[Data — start]
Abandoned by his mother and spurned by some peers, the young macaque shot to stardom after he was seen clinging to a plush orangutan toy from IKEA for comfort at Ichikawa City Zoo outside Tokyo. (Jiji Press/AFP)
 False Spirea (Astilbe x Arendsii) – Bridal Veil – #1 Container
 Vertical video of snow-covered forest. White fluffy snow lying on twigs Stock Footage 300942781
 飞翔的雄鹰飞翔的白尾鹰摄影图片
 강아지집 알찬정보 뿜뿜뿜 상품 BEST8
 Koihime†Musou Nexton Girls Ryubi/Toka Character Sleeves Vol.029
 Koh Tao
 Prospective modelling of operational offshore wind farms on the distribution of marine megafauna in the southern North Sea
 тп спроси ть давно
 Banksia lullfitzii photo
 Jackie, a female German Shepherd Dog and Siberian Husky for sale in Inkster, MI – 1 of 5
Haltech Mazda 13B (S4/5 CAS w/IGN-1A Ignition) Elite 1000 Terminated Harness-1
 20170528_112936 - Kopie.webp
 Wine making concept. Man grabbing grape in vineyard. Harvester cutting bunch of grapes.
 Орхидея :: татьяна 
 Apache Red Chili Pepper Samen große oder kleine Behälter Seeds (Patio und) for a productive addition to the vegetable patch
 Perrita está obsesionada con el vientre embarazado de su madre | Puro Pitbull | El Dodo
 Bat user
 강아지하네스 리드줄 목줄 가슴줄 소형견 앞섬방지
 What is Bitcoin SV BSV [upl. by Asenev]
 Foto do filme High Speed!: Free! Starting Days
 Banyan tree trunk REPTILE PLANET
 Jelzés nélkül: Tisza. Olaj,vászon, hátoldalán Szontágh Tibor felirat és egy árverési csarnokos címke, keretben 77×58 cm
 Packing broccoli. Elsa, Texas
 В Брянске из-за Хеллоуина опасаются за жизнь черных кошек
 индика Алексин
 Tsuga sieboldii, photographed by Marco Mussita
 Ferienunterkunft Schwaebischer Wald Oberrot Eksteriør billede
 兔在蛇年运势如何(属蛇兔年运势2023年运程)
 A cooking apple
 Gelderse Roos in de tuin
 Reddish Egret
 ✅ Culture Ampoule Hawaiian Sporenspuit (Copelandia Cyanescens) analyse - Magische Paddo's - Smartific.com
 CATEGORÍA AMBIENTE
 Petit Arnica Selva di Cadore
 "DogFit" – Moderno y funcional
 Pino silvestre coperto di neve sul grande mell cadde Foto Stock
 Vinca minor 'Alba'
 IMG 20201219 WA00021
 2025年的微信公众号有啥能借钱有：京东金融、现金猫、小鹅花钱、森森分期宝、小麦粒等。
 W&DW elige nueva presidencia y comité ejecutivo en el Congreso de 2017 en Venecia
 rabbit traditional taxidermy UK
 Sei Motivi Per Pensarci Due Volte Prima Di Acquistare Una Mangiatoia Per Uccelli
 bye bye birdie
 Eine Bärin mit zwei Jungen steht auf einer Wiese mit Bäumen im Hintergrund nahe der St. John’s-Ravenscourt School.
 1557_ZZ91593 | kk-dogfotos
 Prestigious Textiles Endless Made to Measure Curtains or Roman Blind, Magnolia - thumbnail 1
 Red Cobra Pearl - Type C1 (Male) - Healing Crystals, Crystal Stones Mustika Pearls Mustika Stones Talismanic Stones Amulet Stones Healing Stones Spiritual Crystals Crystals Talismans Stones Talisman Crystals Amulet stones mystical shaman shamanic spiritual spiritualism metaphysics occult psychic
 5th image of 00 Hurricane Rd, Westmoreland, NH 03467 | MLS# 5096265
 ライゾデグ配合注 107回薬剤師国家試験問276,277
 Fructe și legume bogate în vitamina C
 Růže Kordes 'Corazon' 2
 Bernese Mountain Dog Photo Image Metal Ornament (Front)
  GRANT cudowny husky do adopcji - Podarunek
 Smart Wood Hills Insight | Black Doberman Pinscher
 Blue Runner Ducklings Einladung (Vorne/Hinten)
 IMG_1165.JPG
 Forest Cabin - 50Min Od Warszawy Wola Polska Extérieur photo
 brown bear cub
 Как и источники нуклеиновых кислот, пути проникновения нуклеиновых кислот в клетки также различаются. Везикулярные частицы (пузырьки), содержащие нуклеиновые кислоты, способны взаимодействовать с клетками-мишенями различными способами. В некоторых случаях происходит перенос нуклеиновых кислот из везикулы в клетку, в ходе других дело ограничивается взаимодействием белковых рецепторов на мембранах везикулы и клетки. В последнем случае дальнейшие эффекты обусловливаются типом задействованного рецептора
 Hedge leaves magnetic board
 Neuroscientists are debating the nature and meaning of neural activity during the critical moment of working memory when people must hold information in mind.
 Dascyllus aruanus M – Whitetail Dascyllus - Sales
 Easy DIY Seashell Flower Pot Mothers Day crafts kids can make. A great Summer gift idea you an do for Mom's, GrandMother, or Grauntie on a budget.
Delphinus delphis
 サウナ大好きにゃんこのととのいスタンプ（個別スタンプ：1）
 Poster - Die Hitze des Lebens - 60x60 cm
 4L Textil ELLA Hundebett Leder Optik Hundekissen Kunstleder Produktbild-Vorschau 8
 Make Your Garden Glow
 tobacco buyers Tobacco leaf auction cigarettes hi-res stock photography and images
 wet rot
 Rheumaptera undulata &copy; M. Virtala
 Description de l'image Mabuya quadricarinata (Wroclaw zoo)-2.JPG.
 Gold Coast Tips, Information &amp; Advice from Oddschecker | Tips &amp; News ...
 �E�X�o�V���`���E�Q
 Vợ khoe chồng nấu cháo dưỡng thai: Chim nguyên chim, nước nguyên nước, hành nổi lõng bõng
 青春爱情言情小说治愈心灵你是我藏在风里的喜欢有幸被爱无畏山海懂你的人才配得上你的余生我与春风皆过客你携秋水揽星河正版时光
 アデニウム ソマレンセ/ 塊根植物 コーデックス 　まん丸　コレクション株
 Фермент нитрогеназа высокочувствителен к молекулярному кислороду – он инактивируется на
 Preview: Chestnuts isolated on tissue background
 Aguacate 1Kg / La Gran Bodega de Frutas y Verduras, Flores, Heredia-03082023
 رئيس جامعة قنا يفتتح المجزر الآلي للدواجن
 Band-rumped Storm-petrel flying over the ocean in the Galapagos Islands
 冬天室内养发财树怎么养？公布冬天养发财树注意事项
[Data — finish]
Please reproduce, exactly as they appear above, the lines from the line containing "Apache Red Chili" up to and including the line containing "Reddish Egret".

 Apache Red Chili Pepper Samen große oder kleine Behälter Seeds (Patio und) for a productive addition to the vegetable patch
 Perrita está obsesionada con el vientre embarazado de su madre | Puro Pitbull | El Dodo
 Bat user
 강아지하네스 리드줄 목줄 가슴줄 소형견 앞섬방지
 What is Bitcoin SV BSV [upl. by Asenev]
 Foto do filme High Speed!: Free! Starting Days
 Banyan tree trunk REPTILE PLANET
 Jelzés nélkül: Tisza. Olaj,vászon, hátoldalán Szontágh Tibor felirat és egy árverési csarnokos címke, keretben 77×58 cm
 Packing broccoli. Elsa, Texas
 В Брянске из-за Хеллоуина опасаются за жизнь черных кошек
 индика Алексин
 Tsuga sieboldii, photographed by Marco Mussita
 Ferienunterkunft Schwaebischer Wald Oberrot Eksteriør billede
 兔在蛇年运势如何(属蛇兔年运势2023年运程)
 A cooking apple
 Gelderse Roos in de tuin
 Reddish Egret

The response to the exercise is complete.